Facebook this week announced a GPU-accelerated model designed for shopping. The model uses AI to automatically identify consumer goods from images to help make them shoppable. GrokNet, a universal computer vision system, can identify items in categories such as fashion, auto, and home decor.
The model is in production today and is available for buyers and sellers in Facebook Marketplace. Facebook says the goal of the project is to develop a new way to shop on Facebook’s platforms.
Because Marketplace allows people to post, buy, and sell products across a variety of categories, the company said they needed a single model to correctly identify products across all the fine-grained product categories. This meant that the team had to aggregate a massive number of data sets, types of supervision, and loss functions into a single model.
“This is a huge AI challenge because optimizing and fine-tuning hyperparameters for one task can sometimes reduce the effectiveness of another. For example, optimizing a model to recognize cars well might mean it’s not as good at recognizing patterns on clothing,” the Facebook researchers stated in a recent post, Powered by AI: Advancing product understanding and building new shopping experiences.
The model was built, trained, and deployed with 83 loss functions across seven data sets to combine multiple verticals in a single space. “This universal model allows us to leverage many more sources of information, which increases our accuracy and outperforms our single vertical-focused models,” the team said.
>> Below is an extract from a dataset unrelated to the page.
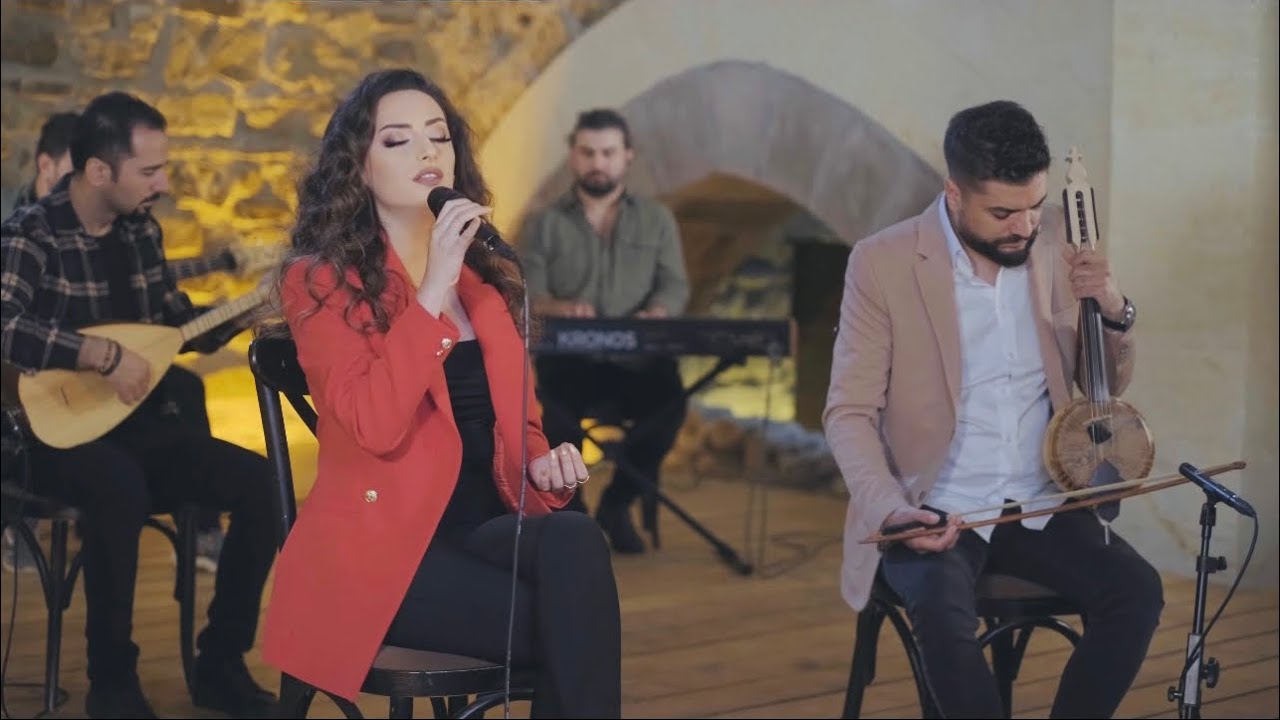 Dilan Gönül feat. Cafer Nazlıbaş - Hasret Düştü Gönlüme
The GrokNet system is based on the ResNeXt-101 architecture. GrokNet was pretrained on 3.5 billion images and 17,000 hashtags. It was then fine-tuned on the Facebook datasets using Distributed Data Parallel GPU training on 8-GPU hosts, across 12 hosts, which totaled 96 GPUs. The GPUs used were NVIDIA V100 GPUs, as the company stated in their paper, GrokNet: Unified Computer Vision Model Trunk and Embeddings For Commerce.
“Created end-to-end with Facebook-developed tools, including PyTorch, this system is 2x more accurate than previous product recognition systems we’ve used,” the company said. “This has allowed us to greatly improve search and filtering on Marketplace so people can find products with very specific materials, styles, and colors (like a yellow mid-century loveseat). With this new unified model, the system is able to detect exact, similar (via related attributes), and co-occurring products across billions of photos.”
In the announcement, the company also featured their state-of-the-art clothing segmentation model, which was also trained on NVIDIA GPUs.
“While these systems are fragmented right now, incorporating everything into one system is the ambitious challenge,” the Facebook team said.